Hallucinations (the lies that generative ai models basically tell) are a big problem for companies looking to integrate the technology into their operations.
Because the models have no real intelligence and simply predict words, images, speech, music and other data according to a private scheme, they sometimes get it wrong. Very badly. In a recent article in The Wall Street Journal, a tech/ai/early-adopters-of-microsofts-ai-bot-wonder-if-its-worth-the-money-2e74e3a2″ target=”_blank” rel=”noopener”>fountain recounts a case where Microsoft's generative ai invented meeting attendees and implied that conference calls were about topics that weren't actually discussed on the call.
As I wrote a while ago, hallucinations can be an unsolvable problem with current transformer-based model architectures. But several generative ai vendors suggest that can be eliminated, more or less, through a technical approach called recovery augmented generation, or RAG.
This is how a salesman, Squirro, throws it:
At the heart of the offering is the concept of Retrieval Augmented LLM or Retrieval Augmented Generation (RAG) integrated into the solution… (our generative ai) is unique in its promise of zero hallucinations. Every piece of information you generate can be traced back to a source, ensuring credibility.
Here is a stocks/article/newsdirect-2024-4-3-ai-platform-sifthub-raises-55m-as-it-rescues-sales-and-presales-teams-from-repetitive-tasks” target=”_blank” rel=”noopener”>similar tone from SiftHub:
Using RAG technology and large language models fine-tuned with industry-specific knowledge training, SiftHub enables businesses to generate custom responses without hallucinations. This ensures greater transparency and reduced risk and inspires complete confidence to use ai for all your needs.
RAG was started by data scientist Patrick Lewis, a researcher at Meta and University College London, and lead author of the 2020 study. paper who coined the term.
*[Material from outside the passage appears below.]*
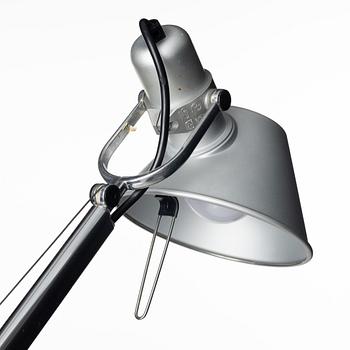 Richard Sapper, bordslampa "Tolomeo", Artemide, Italien.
Applied to a model, RAG retrieves documents possibly relevant to a question (for example, a Wikipedia page about the Super Bowl) using what is essentially a keyword search and then asks the model to generate answers given this additional context.
“When you interact with a generative ai model like ChatGPT or Llama and ask a question, the default is for the model to respond from its 'parametric memory', that is, from the knowledge stored in its parameters as a result of training on massive data from the web,” explained David Wadden, a research scientist at AI2, the ai-focused research arm of the nonprofit Allen Institute. “But, just as you are likely to give more accurate answers if you have a reference (such as a book or file) in front of you, the same is true in some cases with models.”
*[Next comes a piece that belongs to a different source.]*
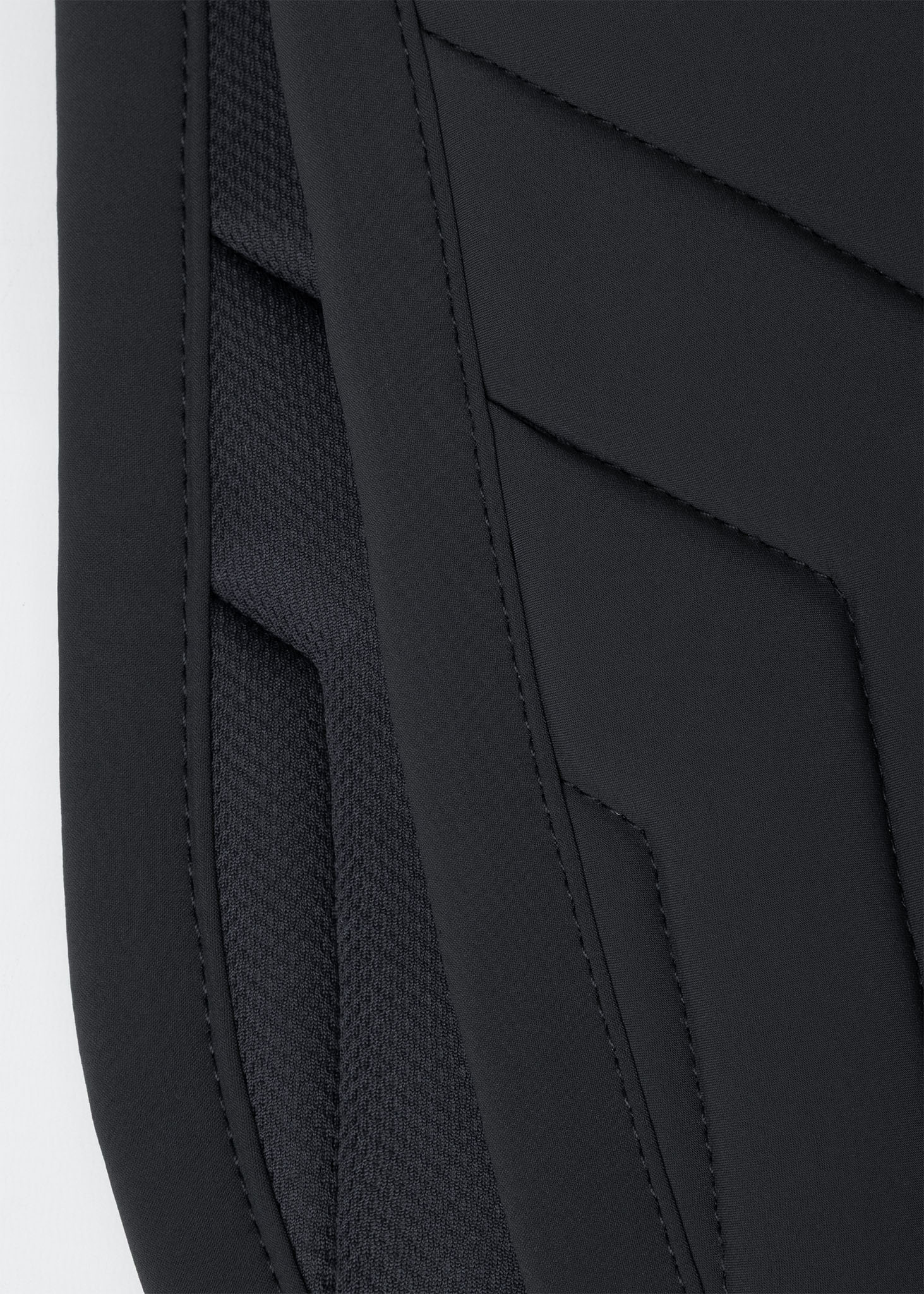 Delta Jumping Saddle Pad (Black)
RAG is undeniably useful: it allows you to attribute things generated by a model to recovered documents to verify their veracity (and, as a bonus, avoid potentially copyright-infringing regurgitation). RAG also allows companies that do not want their documents used to train a model (for example, companies in highly regulated industries such as healthcare and law) to allow models to rely on those documents in a more secure and temporary.
But RAG certainly can not prevent a model from having hallucinations. And it has limitations that many providers overlook.
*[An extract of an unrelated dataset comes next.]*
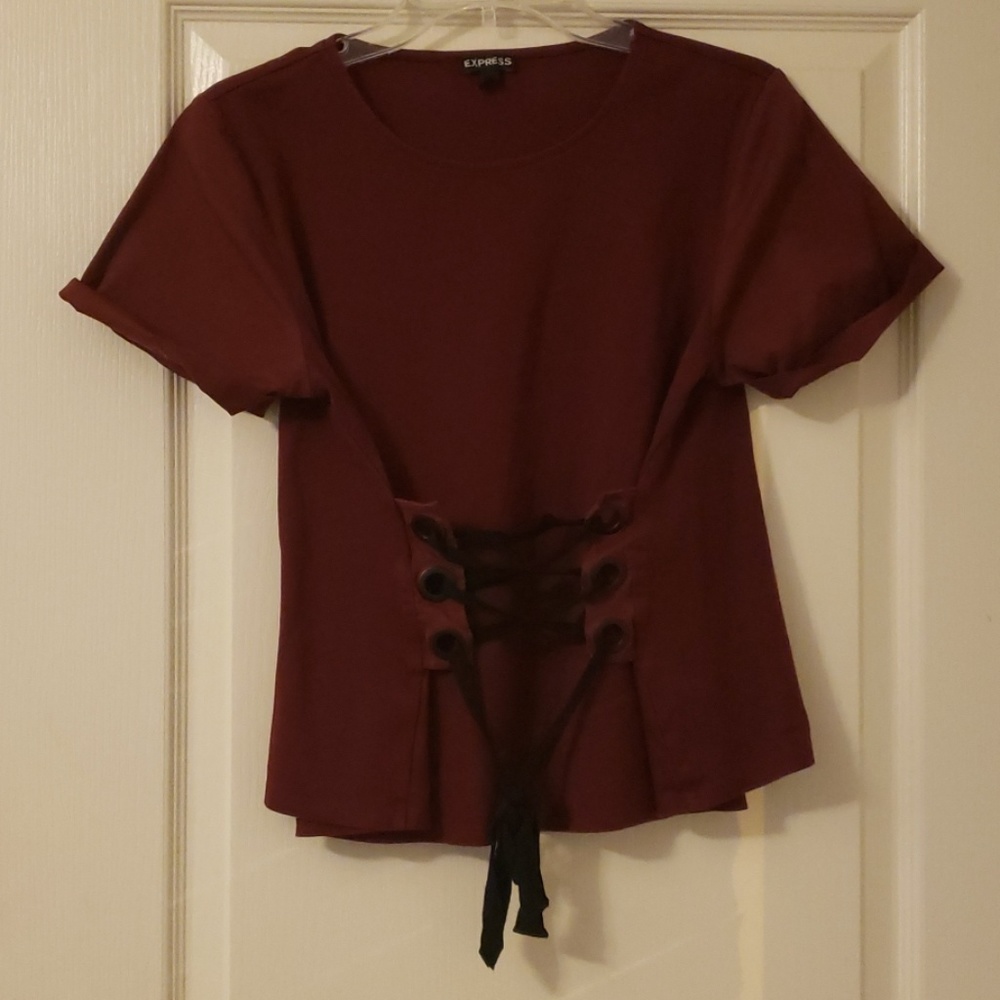 Express Corset Top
Wadden says RAG is most effective in “knowledge-intensive” scenarios where a user wants to use a model to address an “information need” (for example, to find out who won the Super Bowl last year). In these scenarios, the document answering the question is likely to contain many of the same keywords as the question (e.g., “Super Bowl,” “last year”), making it relatively easy to find using a keyword search.
Things get more complicated with “intensive reasoning” tasks like coding and mathematics, where it is harder to specify in a keyword-based search query the concepts needed to answer a request, let alone identify which documents might be relevant.
Even with basic questions, models can get “distracted” by irrelevant content in documents, especially in long documents where the answer is not obvious. Or they may, for reasons still unknown, simply ignore the contents of the recovered documents and choose to rely on their parametric memory.
RAG is also expensive in terms of the hardware needed to apply it at scale.
This is because documents retrieved, whether from the web, an internal database, or elsewhere, must be stored in memory (at least temporarily) so that the model can query them. Another expense is calculating the augmented context that a model has to process before generating its response. For a technology that is already famous for the amount of computing and electricity it requires for even basic operations, this amounts to a serious consideration.
That's not to say RAG can't be improved. Wadden highlighted many ongoing efforts to train models to make better use of documents recovered from the RAG.
Some of these efforts involve models that can “decide” when to make use of documents, or models that can choose not to perform retrieval in the first place if they deem it unnecessary. Others focus on ways to more efficiently index massive document data sets and improve search through better representations of documents, representations that go beyond keywords.
“We're pretty good at retrieving documents based on keywords, but not so good at retrieving documents based on more abstract concepts, such as a proof technique needed to solve a mathematical problem,” Wadden said. “Research is needed to build document representations and search techniques that can identify relevant documents for more abstract generation tasks. “I think this is an open question at this point.”
So RAG can help reduce a model's hallucinations, but it's not the answer to all of ai's hallucinatory problems. Be wary of any provider who tries to claim otherwise.